- 8 years ago
- Wedding: October 2010
When I was younger I couldn’t wait to have a baby! I knew I wanted kids, I was just waiting for the perfect guy to come along.
Now I’m older and the perfect man has arrived. Buuuut, I find myself not really wanting kids anymore. Well I can’t say that I don’t want kids, I just don’t think they’re right for us right now. Sometimes I feel as if kids are never going to be right for us.
However, I often feel so pressured by a few different things. My grandparents are, and always have been, a huge part of my life. They have helped raised every single grandchild, myself included. Growing up I spent a great deal of time w/ them, went to their house every day after school until I was in 10th grade and they are just the center of our family unit. They are no spring chickens and I fear when it’s my time to have kids, my grandparents will no longer be around. I want my kids to know and enjoy my grandparents as much as I have. It breaks my heart to think my future children will not know one of the most important parts of our family history.

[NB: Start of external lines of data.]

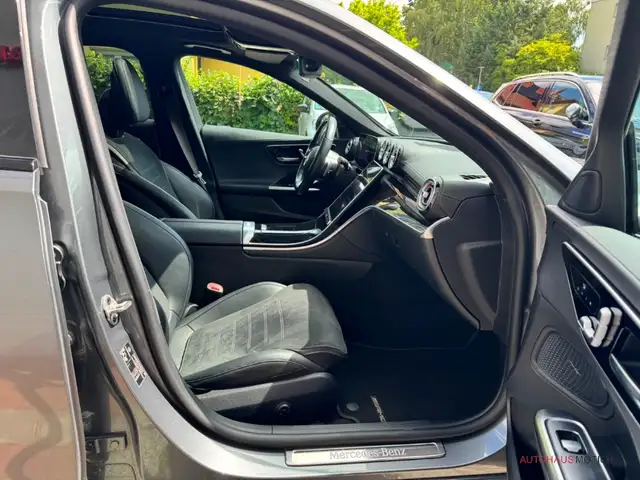 Mercedes-Benz 300 view 13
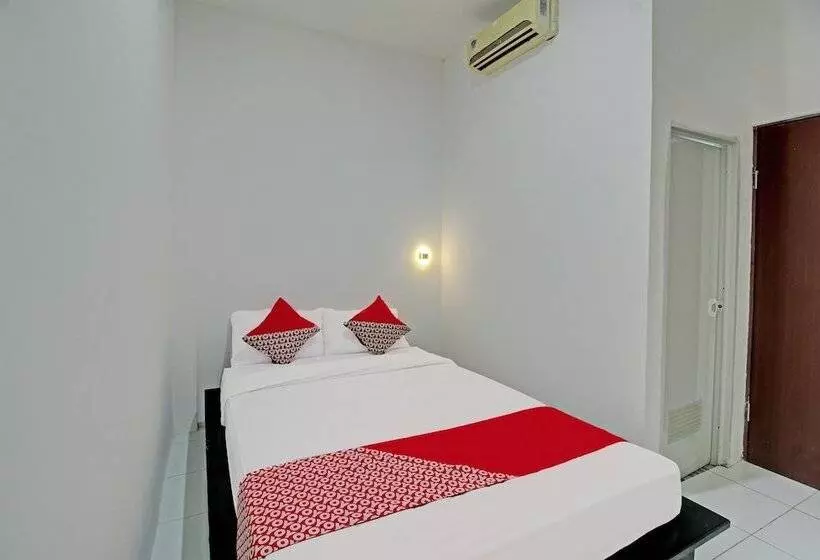 Hotelli Sirih Gading Family Guest House By Oyo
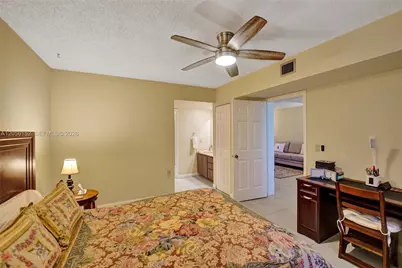 1713 Whitehall Dr #304, Davie, FL 33324 - Photo 14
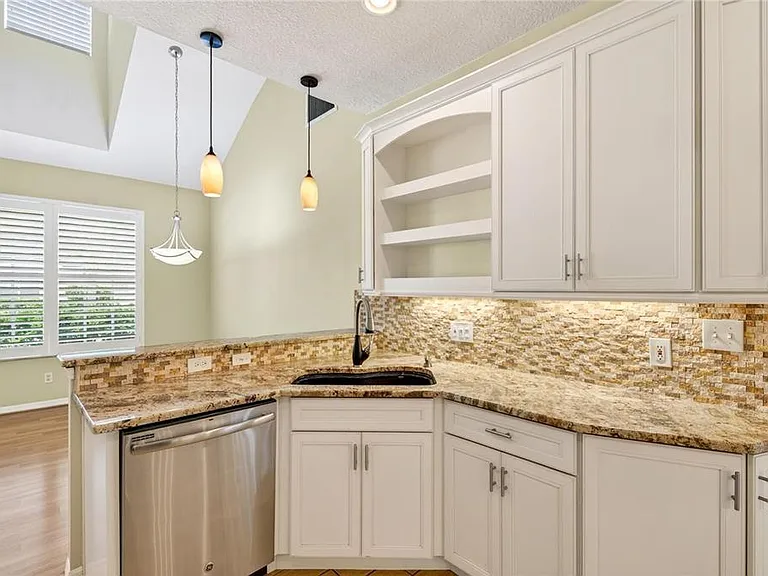 10801 Spring Mountain Pl — Photo 17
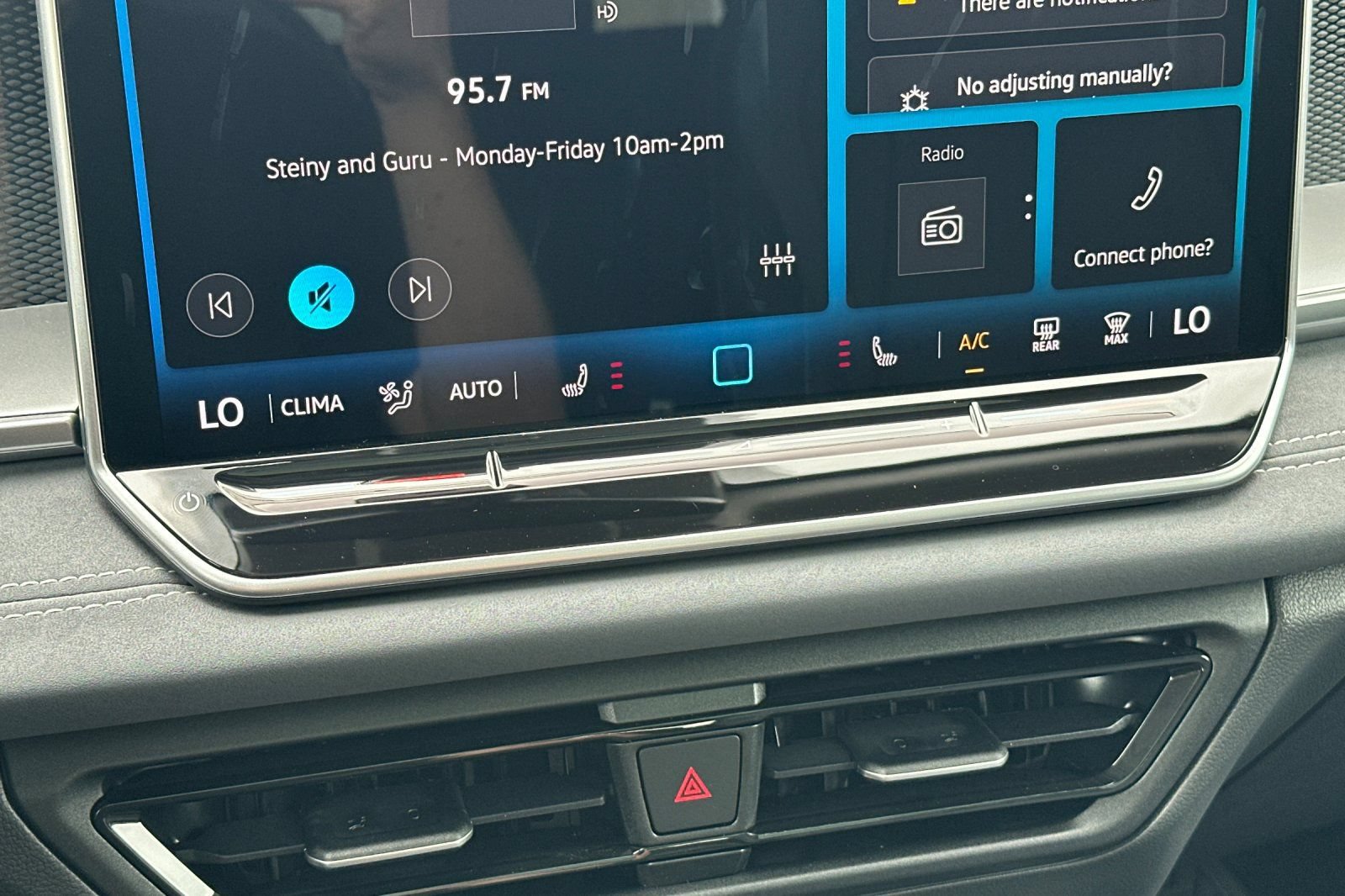 New 2026 Volkswagen Tiguan SE AWD/4WD image 20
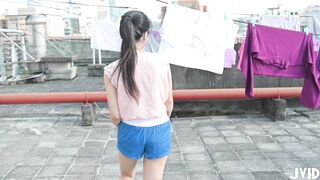 出售众筹购得摄影大师蜘蛛侠6688作品【邻家女孩❤️顶楼晒衣被强暴】套图42P+视频1V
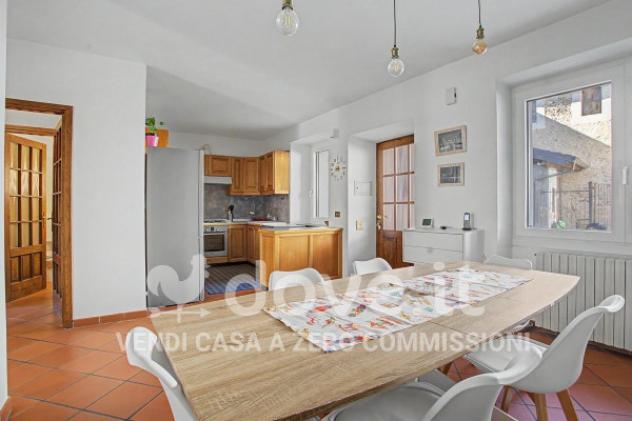 Appartamento di 100 m² con 3 locali e box auto in vendita a Brissago-Valtravaglia - Foto 2
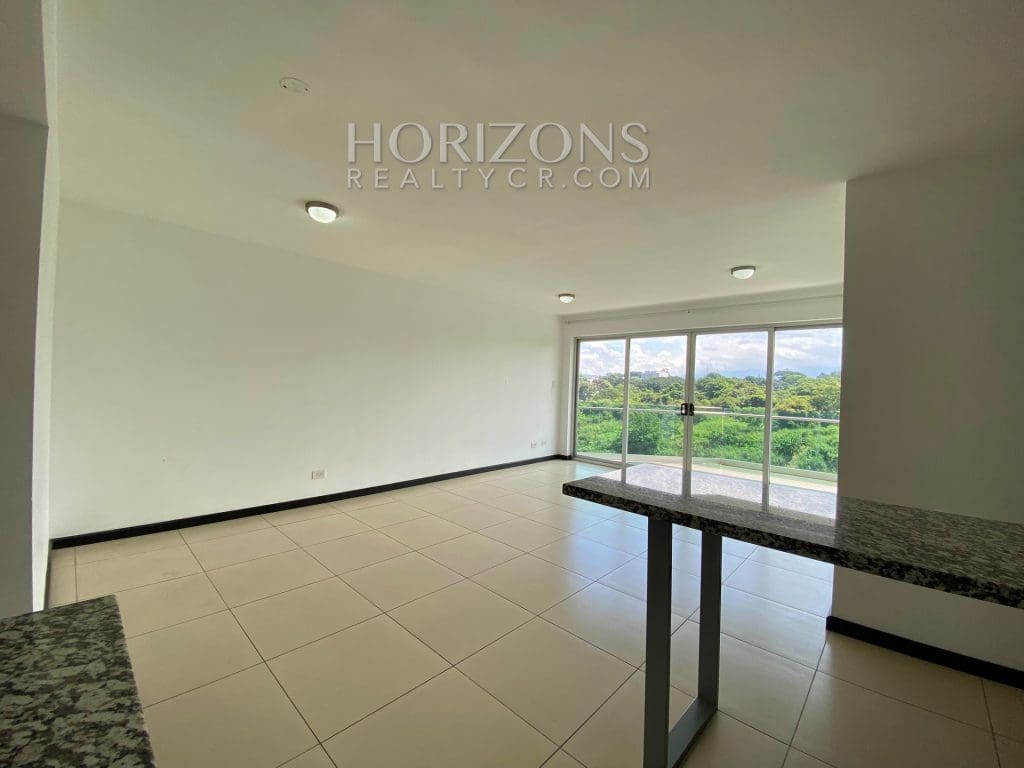 Se Alquila Apartamento en Torre Paradisus, Rohrmoser 3 Habitaciones y Vista a la Naturaleza nja950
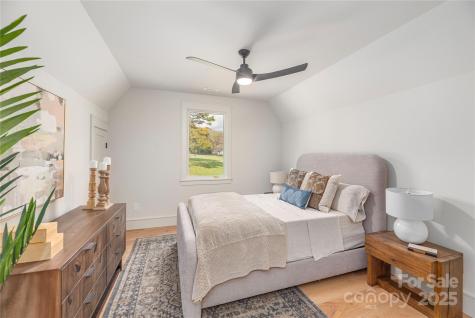 334 North Fork Road Black Mountain NC 28711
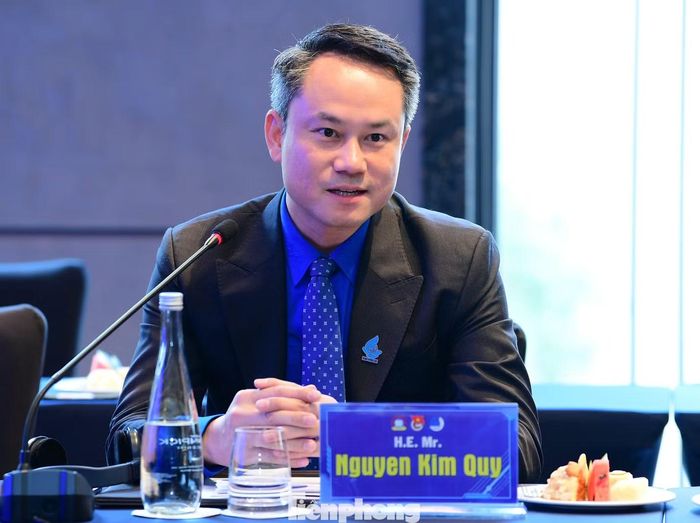 Anh Nguyễn Kim Quy trao đổi tại hội đàm. Ảnh: Xuân Tùng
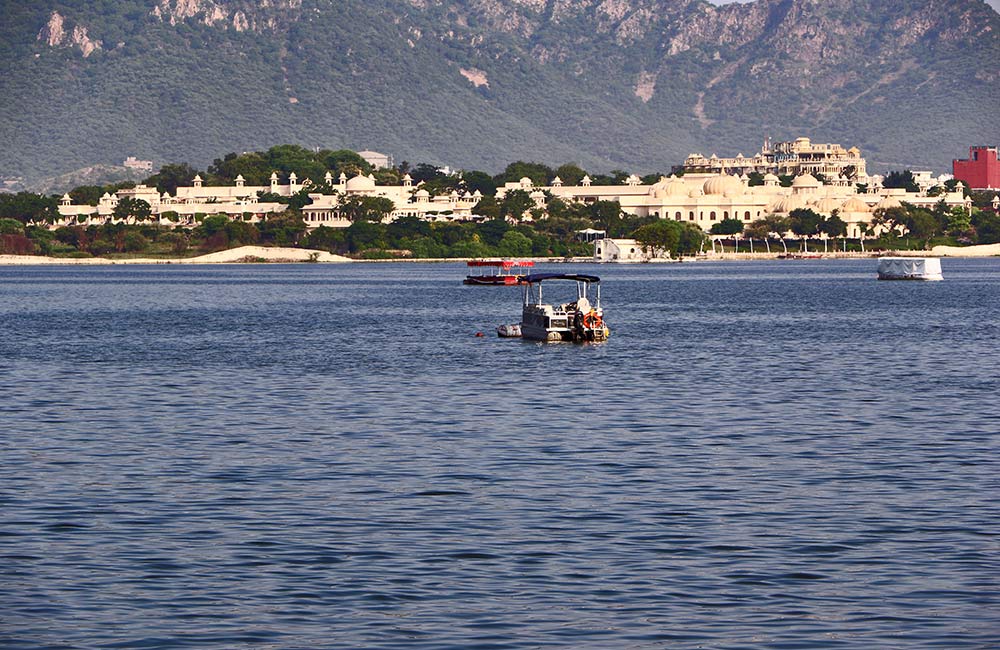 Top 8 Lakes in Udaipur - The Venice of the East (2022) - FabHotels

Fiance was born w/ a physical form of cerebral palsy. We’ve know each other 7 years & I can see the CP wearing him down more every year. I worry so much about him not being able to enjoy our children, and vice versa. I hate to think they will not know the fun-loving, spontaneous, active person I know him as. I hate to think that in 10 years he may be in a wheelchair. Also, Fiance is 8 years older than I am (I’m 26, he’s 34), and I hear the clock ticking. I don’t want him to be 50 with a 5 year old, I don’t feel that would be fair to him or the child.
My dad is forever telling my mother, in front of me, “We’re never going to have grandkids. They (FI & I) have their dogs & those are their kids…so we’re never getting any real grandchildren”. He says it jokingly, but I know in his heart of hearts he does mean it. He would love a grandbaby & I know he feels it’s about time for FI & me to start popping them out. My mother told me not too long ago that my dad feels he’s never going to live to see his grandkids. His father died young & he thinks the same will happen w/ him.
I worry about my ability to have children. I’m over-weight & don’t have periods regularly. Even when I was much thinner & had a regular cycle, we wouldn’t take precautions & nothing ever happened. We live together, and have for over 5 years, so I thought that at any given time we could’ve had a child. It never happened and I was okay w/ that. I still am, but I feel there are so many other things influencing my decision.
I know before we seriously consider having kids I need to lose the weight. Pregnancy will never happen if I don’t. I’m hoping by the time that happens I’ll be mentally & emotionally ready for a mini CaraMia. But what if I lose the weight & I’m still not ready? Fiance is ready, he’s on board for a little one. Why do I feel this way?? I feel guilty that everyone is ready for our kids but me.